Flat Preloader Icon

Robotic Chores Made Possible

YouTube Videos Enable Robots to Learn

In the pursuit of true robotic learning, researchers have been exploring various solutions, and one intriguing approach involves leveraging video data. Building upon the WHIRL (in-the-Wild Human Imitating Robot Learning) algorithm developed by Carnegie Mellon University (CMU), assistant professor Deepak Pathak and his team have now introduced VRB (Vision-Robotics Bridge) as an evolution of this technology.

 

Similar to its predecessor, VRB trains robots by analyzing videos of humans performing tasks. However, the new system eliminates the requirement for the human demonstrations to take place in the exact environment where the robot will operate. This advancement enables the robots to perform tasks in various settings, enhancing their adaptability.

 

VRB focuses on extracting essential information from the videos, such as contact points and trajectory. For instance, when observing humans opening drawers, the robot learns that the contact point is the handle, and the trajectory is the direction in which the drawer opens. By analyzing multiple videos of humans opening drawers, the robot can generalize this knowledge to open any drawer effectively.

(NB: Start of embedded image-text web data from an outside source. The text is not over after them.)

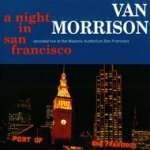A Night In San Francisco - Van Morrison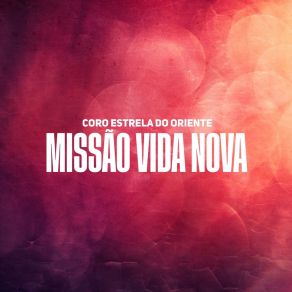 Download track Levanta Coro Estrela Do Oriente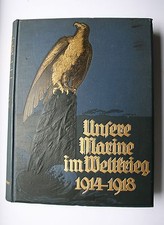 Unsere Marine im Weltkrieg 1914-1918  Geschichte 1. Weltkrieg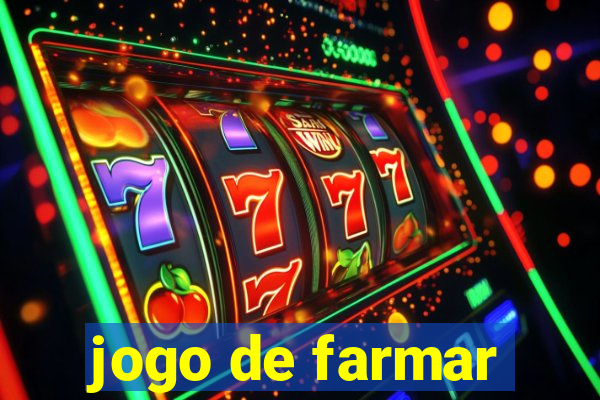 jogo de farmar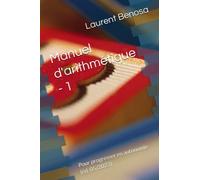 Manuel d'arithmétique: Pour progresser en autonomie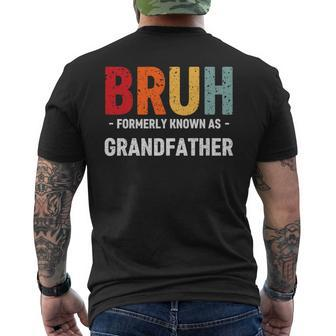 Bruh Formerly Known As Dad For Grandfather Father's Day Men's T-shirt Back Print - Thegiftio UK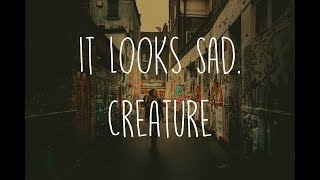 It Looks Sad. - Creature (Lyrics) chords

Naturally, not all drawers behave in the same way, and some may present unique challenges. To improve the robot’s performance, the researchers rely on extensive datasets for training. They leverage video databases like Epic Kitchens and Ego4D, which contains approximately 4,000 hours of egocentric videos capturing daily activities from around the world.

 

Shikhar Bahl, a PhD student involved in the project, highlights the vast potential of using these datasets for training robots. By tapping into the wealth of internet and YouTube videos available, this work could enable robots to learn from a wide range of sources and acquire a more comprehensive understanding of human activities.

 

In summary, CMU’s VRB algorithm represents a significant advancement in robotic learning. By analyzing videos of humans performing tasks, the system allows robots to adapt and explore the world more effectively. With access to extensive training datasets, including internet and YouTube videos, the potential for robots to learn from a diverse array of sources is within reach.